*** DATASET RECORDS ***

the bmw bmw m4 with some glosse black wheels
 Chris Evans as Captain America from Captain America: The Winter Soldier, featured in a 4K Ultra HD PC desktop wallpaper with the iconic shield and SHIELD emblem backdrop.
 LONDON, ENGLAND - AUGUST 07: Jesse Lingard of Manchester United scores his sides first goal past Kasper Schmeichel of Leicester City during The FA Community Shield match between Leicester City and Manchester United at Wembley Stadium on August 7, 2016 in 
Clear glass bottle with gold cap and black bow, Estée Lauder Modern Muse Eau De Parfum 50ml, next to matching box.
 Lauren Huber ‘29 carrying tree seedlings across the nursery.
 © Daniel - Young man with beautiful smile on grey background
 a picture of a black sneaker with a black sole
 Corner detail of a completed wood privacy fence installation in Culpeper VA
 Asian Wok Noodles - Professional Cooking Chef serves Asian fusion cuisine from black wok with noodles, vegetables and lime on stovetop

*** End of DATASET RECORDS ***

TASK TO COMPLETE –
Look above for the line containing "Corner detail of", then transcribe it and all lines after it through the last, exactly and with nothing else.

SOLUTION –
 Corner detail of a completed wood privacy fence installation in Culpeper VA
 Asian Wok Noodles - Professional Cooking Chef serves Asian fusion cuisine from black wok with noodles, vegetables and lime on stovetop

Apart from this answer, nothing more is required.